Д. Макклеллан. Если человек, не являющийся членом организации, захочет заняться одним из видов рэкета, которым они (боссы организованной преступности.— Ает.) заправляют, например «акульим промыслом» или букмекерством, сможет ли он вести дело без их разрешения?

В. Тереза. Ни одной минуты.

Д. Макклеллан. Почему?

В. Тереза. Стоит им обнаружить эту деятельность— и все, конец. Они ведь платят полиции. Но они, конечно, платят ей за себя, а не для того, чтобы здесь вел дело кто-либо посторонний.

Д. Макклеллан. Вы утверждаете, что нельзя заниматься этим делом без того, чтобы об этом знала полиция?

В. Тереза. Конечно нельзя. Без ведома полиции такими делами заниматься невозможно8.

В последние десятилетия мафия стала обращать особое внимание на подкуп не только и не столько рядовых полицейских, сколько офицерского состава. В докладе президентской комиссии по борьбе с преступностью говорится: «Организованные преступники в настоящее время направляют свои усилия на то, чтобы коррумпировать должностных лиц правоприменяющих органов высшего или в крайнем случае среднего ранга»
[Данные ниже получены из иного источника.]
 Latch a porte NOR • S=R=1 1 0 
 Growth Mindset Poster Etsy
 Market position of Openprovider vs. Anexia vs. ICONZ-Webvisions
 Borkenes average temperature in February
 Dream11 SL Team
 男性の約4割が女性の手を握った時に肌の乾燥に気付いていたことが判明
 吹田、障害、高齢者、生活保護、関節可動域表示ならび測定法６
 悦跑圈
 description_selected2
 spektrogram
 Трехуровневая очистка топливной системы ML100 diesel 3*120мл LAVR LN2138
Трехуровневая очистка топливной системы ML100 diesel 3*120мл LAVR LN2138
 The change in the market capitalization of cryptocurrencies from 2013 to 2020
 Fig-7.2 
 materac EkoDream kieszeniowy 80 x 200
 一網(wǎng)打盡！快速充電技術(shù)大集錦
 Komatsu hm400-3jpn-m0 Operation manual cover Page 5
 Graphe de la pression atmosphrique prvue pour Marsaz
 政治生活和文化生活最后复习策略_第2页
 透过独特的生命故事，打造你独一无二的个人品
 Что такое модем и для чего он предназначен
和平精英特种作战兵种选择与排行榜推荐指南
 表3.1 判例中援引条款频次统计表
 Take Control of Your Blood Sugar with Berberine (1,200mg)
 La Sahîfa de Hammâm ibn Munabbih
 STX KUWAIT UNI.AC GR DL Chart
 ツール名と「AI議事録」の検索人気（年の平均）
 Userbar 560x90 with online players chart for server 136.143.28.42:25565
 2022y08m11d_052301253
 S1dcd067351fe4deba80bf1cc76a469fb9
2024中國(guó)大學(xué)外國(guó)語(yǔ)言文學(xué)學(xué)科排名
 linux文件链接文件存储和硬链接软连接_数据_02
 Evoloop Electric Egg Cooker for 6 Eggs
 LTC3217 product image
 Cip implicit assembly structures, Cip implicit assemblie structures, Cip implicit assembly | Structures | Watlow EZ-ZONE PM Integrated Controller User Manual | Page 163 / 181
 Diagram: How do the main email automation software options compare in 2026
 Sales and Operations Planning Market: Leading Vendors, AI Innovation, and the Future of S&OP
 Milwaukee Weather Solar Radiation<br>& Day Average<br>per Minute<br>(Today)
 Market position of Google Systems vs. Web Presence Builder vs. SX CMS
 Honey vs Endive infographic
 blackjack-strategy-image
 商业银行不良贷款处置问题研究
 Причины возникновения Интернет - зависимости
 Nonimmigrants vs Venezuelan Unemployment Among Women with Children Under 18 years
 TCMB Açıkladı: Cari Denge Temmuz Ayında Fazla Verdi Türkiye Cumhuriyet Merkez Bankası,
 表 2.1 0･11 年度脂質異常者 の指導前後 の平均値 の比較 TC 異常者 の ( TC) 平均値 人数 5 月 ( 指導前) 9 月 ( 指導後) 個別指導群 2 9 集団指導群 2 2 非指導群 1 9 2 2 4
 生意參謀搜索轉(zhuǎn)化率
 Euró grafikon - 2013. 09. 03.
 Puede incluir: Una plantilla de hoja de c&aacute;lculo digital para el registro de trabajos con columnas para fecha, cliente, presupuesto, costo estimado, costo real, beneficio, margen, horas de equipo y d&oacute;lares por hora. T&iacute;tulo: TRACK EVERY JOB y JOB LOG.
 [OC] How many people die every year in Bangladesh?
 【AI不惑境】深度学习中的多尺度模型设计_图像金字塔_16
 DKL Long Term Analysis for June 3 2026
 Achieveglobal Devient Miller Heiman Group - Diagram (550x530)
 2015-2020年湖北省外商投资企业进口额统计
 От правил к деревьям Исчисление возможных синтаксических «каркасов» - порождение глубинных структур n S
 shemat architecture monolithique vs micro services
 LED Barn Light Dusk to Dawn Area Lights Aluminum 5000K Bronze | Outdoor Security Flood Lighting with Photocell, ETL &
Подкуп организованными преступниками полицейского аппарата в таких широких масштабах был бы невозможен, если бы он не сопровождался коррумпированием органов власти. «Главари организованной преступности,— писала газета американских коммунистов «Дейли уорлд»,— могут заниматься своими грязными делами только потому, что политиканы оказывают им необходимое покровительство. Их покрывают полицейские силы, среди которых повсеместно распространено получение взяток, магарычей и подношений» 10.